We have to invent the future...And it will be as bright or dark as we try! Once again I love the optimism...We are not alone!

Maybe all youngsters should brainstorm on How to make advertising young,sexy and desirable again!

In another 20 years, Santosh will definitely not be there. Most of us will retire as well! You guys will be the future CEOs and senior management.

So please own advertsing with warts and all. Shake it. Revamp it. Polish It . Shine it. Love it . Hate it. Or quit now...

To everyone including myself - Don''t spend 20 years of your life before you quit...You will be doing disservice to both yourself and advertsing!

Pooja Nair said...

Great discussion there!
Great work Tanaya. just like manish said, I love your honesty and your optimism.

I know a lot of freshers today who have decided against joining advertising. They prefer brand management or whatever else. This is because of the feedback they get from existing advertising professionals!

Also like Tanaya rightly pointed out, youngsters are very clear about their materialistic priorities. In today's economy, you can't really help that!

harshalg said...

Sorry for not being able to post as frequently. Am just trying to sort out my RL issues, as opposed to my online avatar! :)

Two things - Advertising as a profession isn't neccesarily about the money. Having said that, yes there might need to be structural corrections, which hopefully will happen over a period of time.

Money is not neccesarily the desired end goal, but a by-product. If you're good, it will come.

At the end of the day, the folks who really want to be in communications will choose a career on this side of the marketing divide rather than on the client end of things. (This works both ways, with some agencies allowing for secondments - but that's another topic altogether)

I don't really think Santosh moving on is suggestive of larger portents. It's a consequence of natural business happen-stance. The very fact that a fair number of people commented on his interview is reason enough to note that his opinion is well respected (within and outside the community). There's an observation here. Advertising as a fraternity is built around heroes, and the work associated with them.

Maybe, blind hero worship sometimes belies the true sanctity of the work or output (creative, planning or business). A personal favourite maxim is the BBDO credo = "The Work, the work, the work". We seek out heroes and so we beget.

Having said this, he's raised the bar on planning as a discipline, and we can only hope that he comes back. As the adage goes, once an adman, always an adman.
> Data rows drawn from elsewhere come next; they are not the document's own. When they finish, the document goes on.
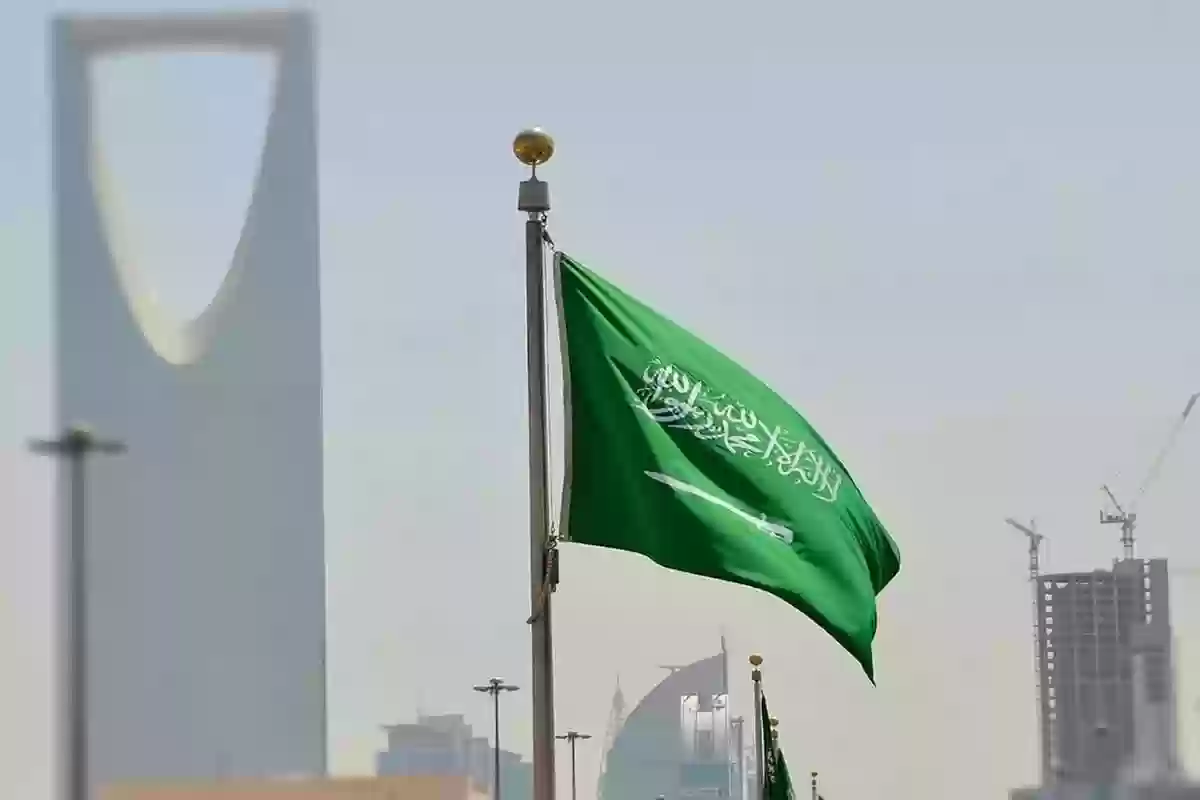 السعودية تُعلن عن حاجتها لآلاف العمال من الجنسيات العربية لأكبر عمليات إزالة في جدة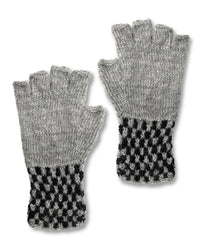 Detailaufnahme des Zopfstrickmusters der Ayni Ppacha Baby-Alpaka-Handstulpen 'Trenzas' in Grau.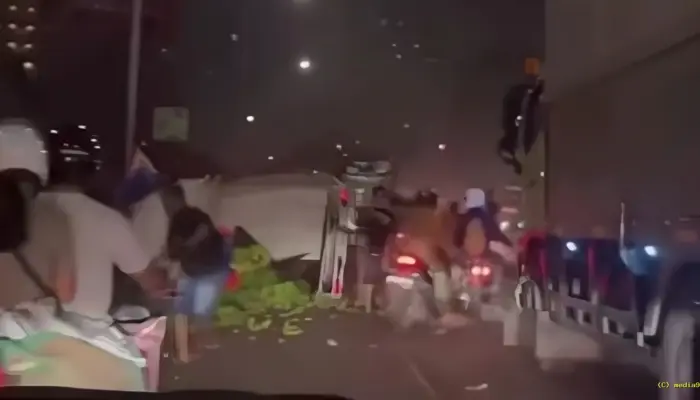 Tragis! Kecelakaan Pickup Angkut Pisang di Flyover Balekota Tangerang Tewaskan Pengendara Motor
The other interesting aspect that came up during a discussion yesterday was how we tend to look at leadership and progression, perhaps as a race or as a community. Is a functional leader lesser than a business head? And why must, say an engineer, aspire to be a management type, as a natural progression?

I'm not convinced that we neccesarily value true specialist roles as much as we ought to.

FiNK said...

aaah.. v interesting post manish.. n u know.. as one of the optimistic young planners.. i belv in india, in advertising, in us..in what we're doing. and I've only been at it for 6 yrs but even I feel sometimes that the fun and belief is going, perhaps coz we've all got lots more options.. it takes a lot to stay at something when it isnt easy, when it isnt working out. And i'm all for adventures, but also for trying to make a difference. the necessary thing is to choose your battles wisely. and perhaps that's what santosh desai is doing too.. he does sound bitter and pissed off, but I don't blame him. Man, I had a really bad day and part of me is like.. screw this. I'm going to work in an orphanage in vietnam instead. but the bigger part of me will be charged up again tomorrow morning.. oh well. i like the idea of young people redefining what this should be. but we've gotta believe in it completely and put ego and greed and impatience aside just for a bit. v hard.